Dacic: EU enlargement policy needs to be revitalised
Speaking at a ministerial panel of the Budapest Balkans Forum, Dacic noted that there was a crisis of EU accession criteria.
He said the first promises about EU integration of the Western Balkans had been made 20 years ago.
"We are aware the EU is undergoing an internal recomposition at this time, but it has made a promise that the next member state will come from the Western Balkans. We have heard a lot of talk that we are high on the priorities list, but fatigue is evident. EU member states are wondering whether new members would contribute to a strengthening of the EU, while we are wondering whether legal alignment with the EU makes sense if progress is at a standstill and does not depend on criteria set as the right criteria," Dacic said.
That does not diminish our love of the EU, he said.
"I do not know if we will ever get to become EU member states. What perspective are we talking about if we know that the French-German proposal - although it is known how difficult and painful it is for both Belgrade and Pristina - contains only one sentence about opening a European perspective," Dacic said.
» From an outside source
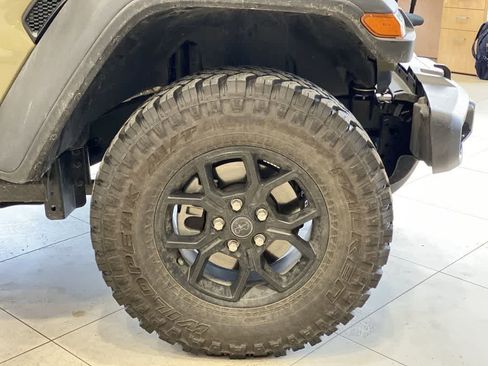 Used 2025 Jeep Wrangler Sport AWD/4WD image 12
"At least say it is going to happen in the 21st century," Dacic said, recalling that French President Emmanuel Macron had said there should be no admissions of new members to the EU.
Dacic cited Macedonia as an example.
It changed its name for the sake of the European perspective, but nothing happened, and then a new condition emerged, he said.
Dacic noted that he had signed the Brussels Agreement ten years ago but that many of its provisions remained unfulfilled.
"As if I had signed a napkin at this restaurant," he said.
He said there was no problem with the Open Balkan initiative but that it was no substitute for EU membership.
The EU can be a unifying factor in the Western Balkans but, in view of the present situation, no one in the EU can guarantee anything, Dacic said.